Re: ISP failures and site multihoming [Re: Enforcing unreachabilityof site local addresses]



On Thu, 20 Feb 2003, Pekka Savola wrote:

> > Your comment may be true, but my clients are nonetheless unwilling to risk
> > the possibility of an extended network outage on a single ISP (while not
> > frequent, these events are far from unprecedented) rendering their online
> > customer-support environment unavailable for several hours, much less for
> > a day.  Shorter outages (on the order of minutes in the single digits) are
> > tolerated, provided that such outages are infrequent.

> This is a very problematic approach IMO.

> Need more resiliency?  Network outages unacceptable?

> The right place to fix this is the network service provider, period.
> Nothing else seems like a scalable approach.

There is no technical reason why a single service provider network can
do better than a similar network that consists of several smaller
service provider networks. Sure, BGP as-is doesn't provide the seamless
failorver some people would like. It annoys me to no end that Cisco uses
a 180 second default hold time for BGP, twice the already too
conservative value that is is suggested in the RFC. This means that when
a circuit goes down BGP takes two or three minutes to notice this. I
always recommend configuring a hold time of 15 seconds, but it seems
some vendors have designed their stuff in such a way that sessions can
fail with this value when the box is busy. But IGPs have the same
fundamental problem (although the details may differ). OSPF for instance
takes 40 seconds to detect a dead circuit.

> Consider a case when many companies _phone_ services would have been
> changed to VoIP.  IP would be a critical service.  Do the enterprises
> protect against failures by getting more ISP's?  Unscalable.  No, the
> ISP's _must_ get better.  Pick one well when choosing them.

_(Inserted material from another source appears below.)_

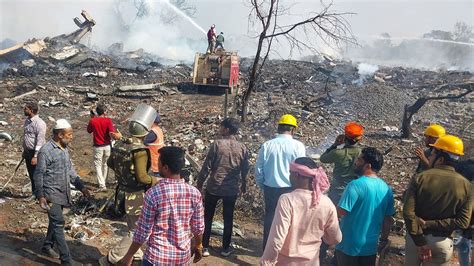 Harda Blast News 11 Dead Over 200 Injured In Firecracker Factory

We are _very_ far from a situation where even the best ISP provides a
service level that is better then the one you get from multihoming even
if you consider failover delays.

Also, these approaches aren't mutually exclusive. ISPs should get
better. Multihoming should get better.

At the same time, we should recognize that it is simply impossible to
have the same failover delays at layer 3 as at layer 1.

> When ISP's have SLA's, a lot of customers for which continued service is
> of utmost importance, the networks *will* work.  There is just no other
> choice.  If the mobile phone of CTO, CEO or whatever rings after (1)5
> minutes of network outage, things _will_ happen.

My experience with SLAs is that they are a marketing tool and job
security for bureaucrats. They don't make the worst case any better,
they only make the worst case slightly less frequent.

(What makes you think this mobile phone will ring anyway? Speaking of
unreliable networks...)

And the single service provider thing doesn't scale anyway: the end
result would have to be a single global ISP.

> It just seems the mentality in some networks is that network outages are
> ok, networks don't have to be designed with multiple connections, etc.etc.

> That must change if we want to build a mission-critical IP infrastructure.
> Instead of making every site try to deal with the problems themselves.

Has the end-to-end principle failed to teach us anything? Reliability
begins and ends in the end hosts. If each host is connected over two
service providers there are four possible paths the hosts can switch
between on a per-packet basis. Then the only problem becomes detecting
failure. The end hosts are in an excellent position to do this without
having to generate keepalive messages; a well designed protocol could
switch to an alternate path within a few round trip times when a path
failure occurs.

Multi6 has been gravitating towards multi-address multihoming solutions
for a while now, but unfortunately it seems impossible to move foward.